One thing that I thought would be interesting to look at after finishing Tenderwire is how Eva’s actions are affected by and a result of things that the reader does not know about until late in the story. We find out only at the end of Claire Kilroy’s Tenderwire that Eva has had a miscarriage prior to the start of events that take place. I really did not see this coming; I thought Eva was just a crazy lady who was losing it because of too much stress and pressure. I want to take a look at how our perspective and judgment of Eva’s character change, or don’t change, after learning this rather crucial fact. This general point was brought up in class and it really sparked a thought for me; I figured I would expand on this idea and look at it with more depth.
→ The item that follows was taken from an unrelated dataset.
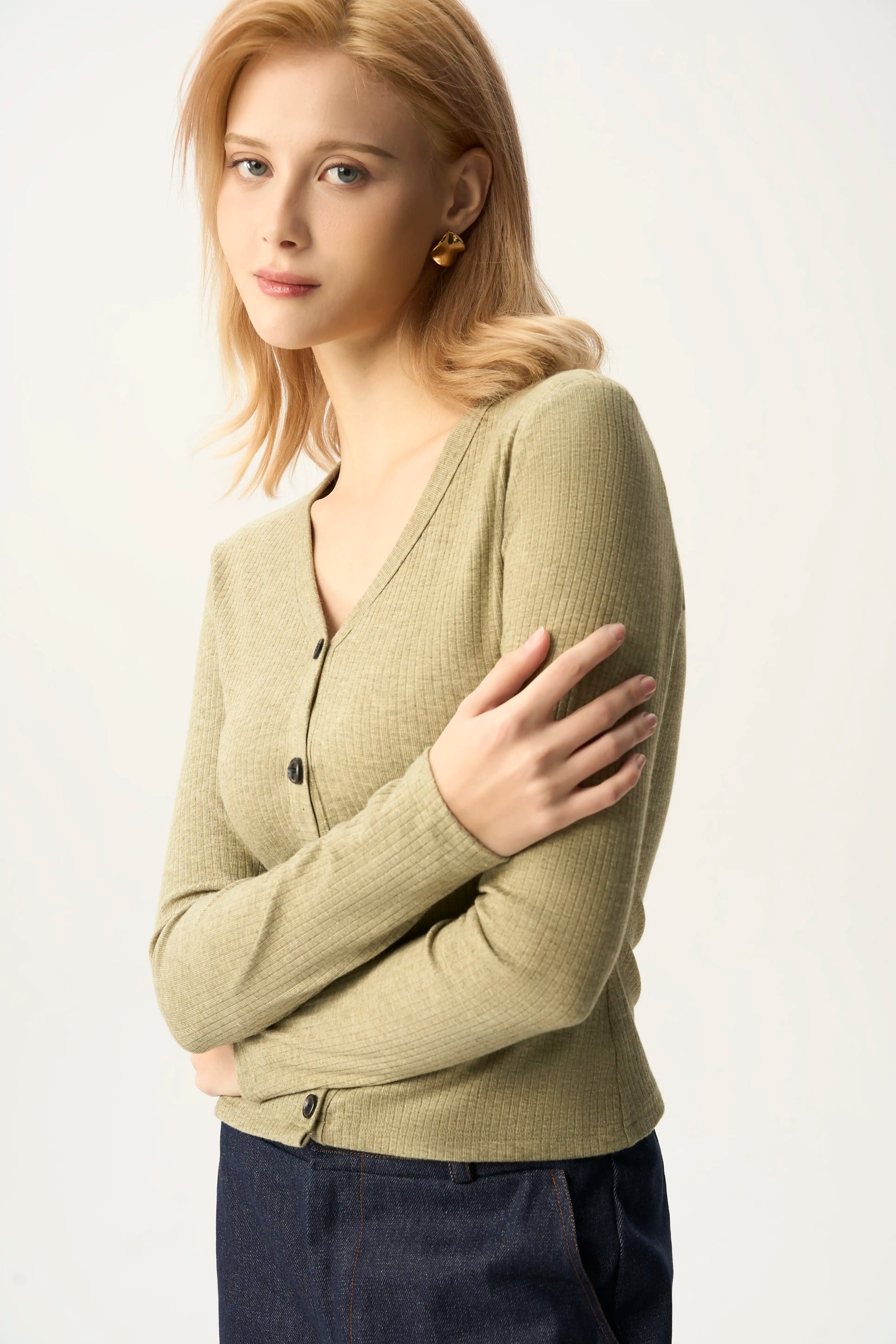 V-Neck Button Front Fitted Cardigan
I know I read Eva’s actions in Tenderwire, especially the dangerous (often life-threatening) ones at the beginning with great skepticism. I could not make sense of why Eva was suddenly so sick and ailing to the extent where the reader had to question whether she would survive! Something that is even more intriguing is the question of why Kilroy would write her novel this way. There is always a reason to why an author puts or doesn’t put something in a text. With this in mind, I think a lot can be learned about Tenderwire, and I think we really see what Claire Kilroy wanted us to get out of this text. One could venture to say that all the events that take place in this story are meant to be second guessed and re-analyzed when the reader learns of this tragic miscarriage. It is simply astonishing to me how Eva is performing in a world class symphony in New York, is in the prime of her life, and has Krystof, a loving and caring boyfriend, but manages throws all of this away with such ease. So why in the world would Eva mix drugs and alcohol, go behind her boyfriends back with another man and not check in for any apparent reason, blow all her life’s work on a more than questionable violin deal with a dangerous and suspicious man, etc.? My view is that it all goes back to her loosing this child; she had such a great life, and I think it was absolutely shattered after this dreadful catastrophe. We know that Eva once had a stable relationship, and put in hard work and care to get her spot on the New Amsterdam Chamber Orchestra. So it is just that much more puzzling as to why she would be acting the way she is. Don’t get me wrong, I think it is unquestionable that Eva made more than a few bad decisions after this, and handled it in one of the worst ways possible. She hurt friends and family that truly loved and cared about her, risked her own life many times, and recklessly spent money that she did not truly work for. However, despite these things, I think it is important for the reader to go back and look at this entire story. I think that before any of us judge and look at Eva with uncertainty, we need to try and put ourselves in her shoes. This awful loss may not change your view on the story, but it sure made me give it another look.


1 Comment (+add yours?)

  1. caseyrmcg
    Dec 03, 2013 @ 18:42:55

    I, too, was very judgmental of Eva and even Kilroy, who I thought was doing anti-feminist work. After completing the novel, however, and finding out key pieces of information, I love Tenderwire, and I think one of Kilroy’s main objectives in writing this book is to make the reader aware of how our pre-conceived ideas about women affect our readings of certain text. From the beginning of the book, I tried to hold Eva to certain standards and stereotypes–if she is a famous and successful violinist, why is she throwing her life away?; why is she drinking so much?; why is she so ungrateful? Finally, I realized that I was putting my own constructions on the woman that Eva should be, and those constructions were based on what I think a white, Irish woman who is a successful violinist in New York should be. It made me question why I was being so judgmental of a character that I really did not know anything about.

    Although your argument that Eva’s miscarriage was a deafening moment in her life and potentially was the cause of her bad decisions is a good one, I don’t think this was Kilroy’s intention. I think Kilroy used the miscarriage strategically in order for readers to re-examine the text and reflect on the harsh judgments they had passed on Eva in the beginning. I do not think that Eva or Kilroy perpetuated a focus on motherhood or the loss of motherhood at all.